Pacman 5.2 Release

Nothing like a new pacman release to make me locate the password to this site…

Tradition dictates I thank people who have contributed to the release (as well as genuinely meaning the thanks!). We had 29 people have a patch committed this release, with a few new names. Here is the top ten:

$ git shortlog -n -s v5.1.0..v5.2.0 | head -n10
   108  Eli Schwartz
    38  Allan McRae
    30  morganamilo
    24  Andrew Gregory
    20  Dave Reisner
     9  Jan Steffens
     6  Michael Straube
     4  Jonas Witschel
     4  Luke Shumaker
     3  Que Quotion

We have a clear winner. Although I’m sure that at least half of those are in responses to bugs he created! He claims it is a much smaller proportion… And a new contributor in third.

What has changed in this release? Nothing super exciting as far as I’m concerned, but check out the detailed list here.

We have completely removed support for delta packages. This was a massively underused feature, usually made updates slower for a slight saving on bandwidth, and had a massive security hole. Essentially, a malicious package database in combination with delta packages could run arbitrary commands on your system. This would be less of an issue if a certain Linux distro signed their package databases… Anyway, on balance I judged it better to remove this feature altogether. We may come back to this in the future with a different implementation, but I would not expect that any time soon. Note a similar vulnerability was found with using XferCommand to download packages, but we plugged that hole instead of removing it!

Support for downloading PGP keys using the new Web Key Directory (WKD) was added to pacman. Both pacman-key and makepkg will also look there by default with the latest GnuPG release. This prevents DoS attacks through people adding very large numbers of signatures to PGP keys. The attack scope was limited for Arch Linux anyway, as most people obtain the pacman keyring through the archlinux-keyring package.

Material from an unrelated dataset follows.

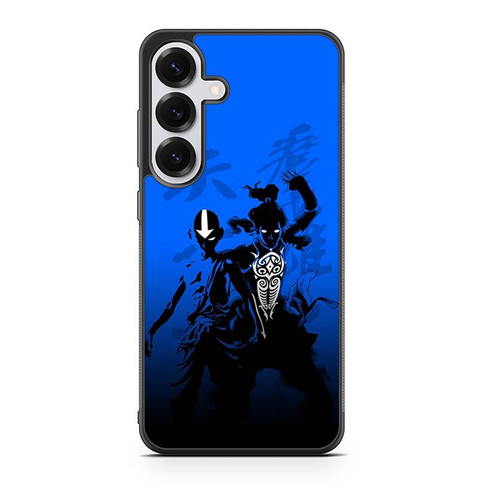 Avatar Aang and Korra Samsung Galaxy S25 Case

The much maligned --force made its way to /dev/null. The --overwrite option has been a replacement for over a year and is a precision surgical instrument compared to the blunt hammer of --force.

There is a small user interface change for searching files databases with -F. Specifying the -s option was redundant, so removed. More information such as package group and installed status is shown in the search results, bringing the output inline with -Ss.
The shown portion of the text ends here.